Plaintiffs-Appellants, First Community Bank and Trust ("the Bank"), Walter Umbarger ("Umbarger"), Merrill Wesemann ("Wesemann"), and Eugene Morris ("Morris"), collectively "Appellants", appeal the trial court's partial grant of Defendants-Appellees', Kelly, Hardesty, Smith and Company, Inc. ("KHS"), Larry Smith ("Smith"), and Garry Autry ("Autry"), collectively, "Appellees", motion for summary judgment. We reverse and remand for trial on the merits.

Issue

Appellants present one issue for review, which we restate as: whether an accounting malpractice claim may be assigned by a client of the accountant to a successor of the client.

Facts and Procedural History

There are no genuine material issues of fact in dispute.[1] KHS served as the Bank's external auditors. Smith was a partner and Autry an employee of KHS. In 1988, the Bank changed from its traditional base of real estate lending and began making consumer loans. Because the Bank was undercapitalized, it came under the close scrutiny of federal regulators, including the Office of Thrift Supervision ("OTS") and the Federal Deposit Insurance Corporation ("FDIC").
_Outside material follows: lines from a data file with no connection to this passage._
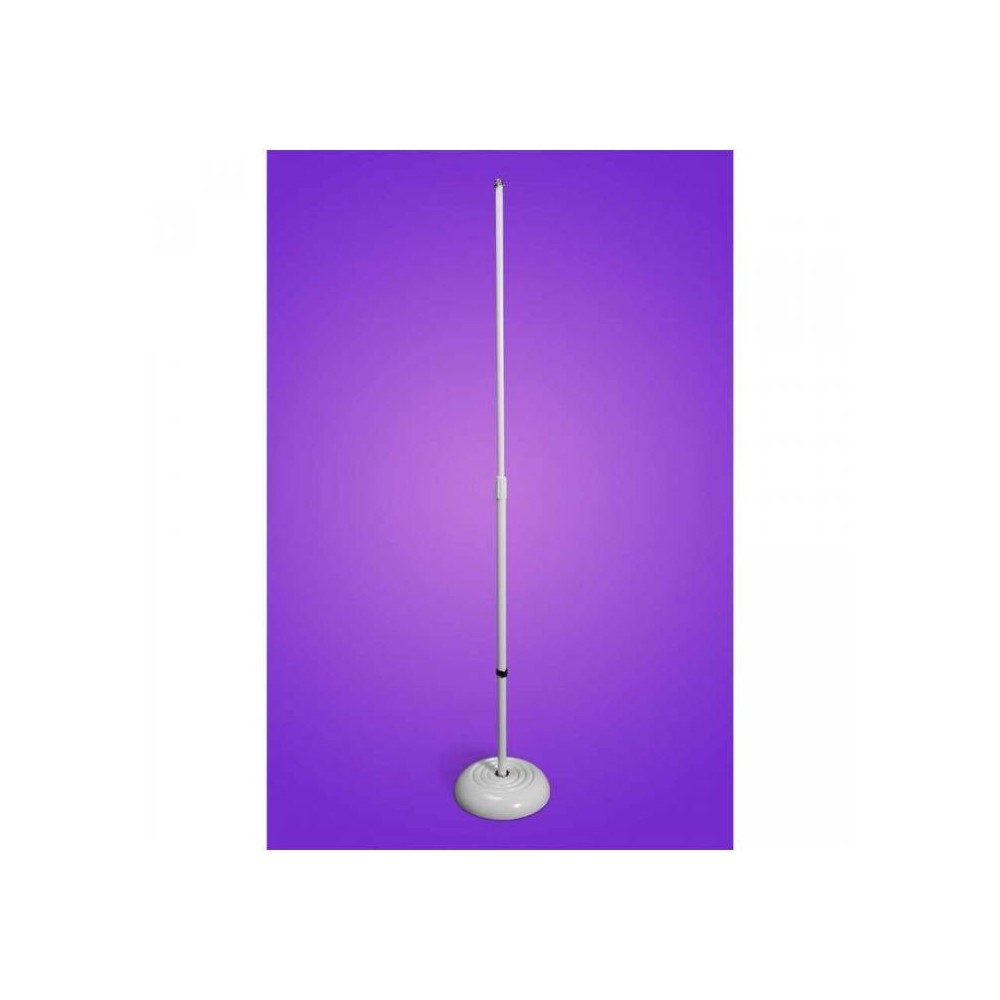 On Stage MS7201W Soporte Micro Recto Base Redonda Blanco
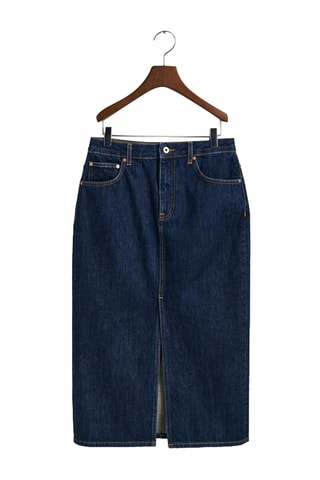 Jupe fourreau taille haute - Bleu foncé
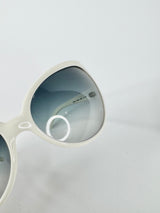 Dolce & Gabbana Cream Rectangle Sunglasses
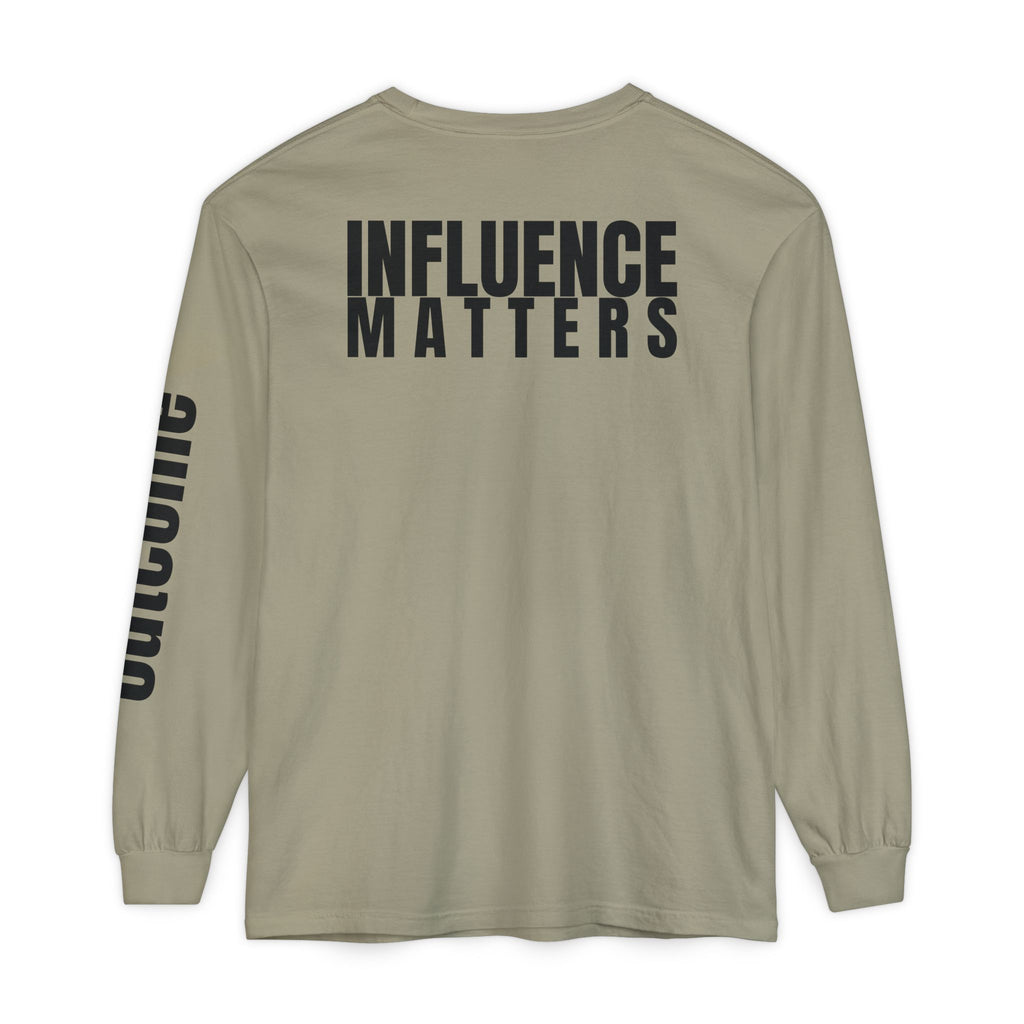 Influence Matters Unisex Long Sleeve T-Shirt - Inspirational Casual Wear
Eventually, the Bank entered into a Supervisory Agreement with the OTS to avoid liquidation. In addition, the OTS required the Bank to write off $94,649.00 in defaulted consumer loans which had been characterized as the Group "A" loans. At this time, the Directors were substantial owners of the Bank. They, Umbarger, Wesemann and Morris, purchased those non-performing loans from the Bank for $84,649.00 pursuant to a Loan Purchase Agreement executed on August 31, 1991. The Loan Purchase Agreement expressly assigned the Bank's interest in any causes of action related to the loans *220 sold to the Directors. Hence, the Appellants brought suit against KHS for malpractice in the performance of its audit of the Bank.

The Bank claimed that the loans failed due to acts or omissions of its consumer loan officer, Kerry Davidson ("Davidson"). The Bank discovered that Davidson committed certain "defalcations" such as destruction of bankruptcy notices and post-dating of loan due dates so that non-performing loans would not show up on the "slow moving" loan list. The Bank alleged that because this information was hidden by Davidson, it was not able to take appropriate steps to collect those loans. Further, the Bank alleged that KHS breached its duties by failing to prevent or discover through its audit what Davidson was doing. The Directors argued that, pursuant to the assignment, they stood in the shoes of the Bank with respect to those consumer loan losses.

The trial court granted in part KHS's motion for summary judgment. Relying on our supreme court's decision in Picadilly, Inc. v. Raikos, 582 N.E.2d 338 (Ind.1991), the trial court found that, as a matter of law, the Bank's claim for malpractice against KHS could not be assigned to successive owners of the loans in question.

Discussion and Decision

I

Summary judgment is appropriate only if the designated evidentiary matter shows there is no genuine issues of material fact exist and the moving party is entitled to judgment as a matter of law. Ind.Trial Rule 56(C). In reviewing a motion for summary judgment, we must determine whether there is a genuine issue of material fact and whether the law has been correctly applied by the trial court. Cloverleaf Apartments, Inc. v. Town of Eaton, 641 N.E.2d 665, 667 (Ind.Ct. App.1994). We apply the same standard as the trial court. City of Evansville v. Moore, 563 N.E.2d 113, 114 (Ind.1990).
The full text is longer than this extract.